With less than 2 weeks to go, it’s time to focus on the not-so-fun part of a trip around the world: the administrative work. Planning for a longer trip can be quite stressful, to be honest and while the actual research of the places you’ll want to see and things you’ll want to experience is a lot of fun, the administrative work is a pain. What kind of insurance do you need? Which bank offers the best deals for withdrawing money in foreign countries? Which credit card caters best to your needs? What should you do with your apartment or house? Your plants and mail?
Once you start asking yourself those questions, you’ll inevitably start to ask yourself if this is all worth it. At least to this question, I can give you an easy answer: Yes, it is! Once you’re out and about you’ll forget all about the stressful times back home and just think about all the experiences you’ll make and people you’ll meet! It will all absolutely pay off in the end, I promise! But never underestimate the organizational efforts of a longer trip and start early with your planning.

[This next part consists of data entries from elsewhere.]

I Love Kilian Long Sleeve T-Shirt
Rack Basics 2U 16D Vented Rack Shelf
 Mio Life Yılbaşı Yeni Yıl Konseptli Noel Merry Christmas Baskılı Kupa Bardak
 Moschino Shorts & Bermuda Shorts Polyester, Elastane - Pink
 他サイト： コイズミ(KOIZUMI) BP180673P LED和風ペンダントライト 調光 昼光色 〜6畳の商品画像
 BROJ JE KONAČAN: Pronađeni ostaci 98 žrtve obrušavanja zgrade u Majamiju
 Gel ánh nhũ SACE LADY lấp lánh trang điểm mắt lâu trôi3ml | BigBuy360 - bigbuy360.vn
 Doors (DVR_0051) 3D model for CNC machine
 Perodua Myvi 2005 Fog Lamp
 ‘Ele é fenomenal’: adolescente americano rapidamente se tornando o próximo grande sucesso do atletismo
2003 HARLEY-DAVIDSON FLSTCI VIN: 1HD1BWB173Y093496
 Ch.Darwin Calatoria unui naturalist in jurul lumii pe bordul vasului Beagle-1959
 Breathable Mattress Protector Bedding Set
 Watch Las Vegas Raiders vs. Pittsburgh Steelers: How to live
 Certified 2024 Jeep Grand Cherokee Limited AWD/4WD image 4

To guide you through the organizational jungle, I’ve gathered the most useful information I could find and give you my personal evaluation and recommendation, plus a hopefully useful checklist you can print out and use for your own adventures (scroll to the end to download the list). I have divided the checklist into timeframes, so you know when to do what. The list below, on the other hand, gives you an overview of points to think about in each category.
Some points are specifically for Swiss residents that may or may not be adapted to other countries. It never hurts to keep the points in mind and do a little research on your own, if the points mentioned are also applicable to your country. Please feel free to share your findings and recommendations and what you have found to be helpful.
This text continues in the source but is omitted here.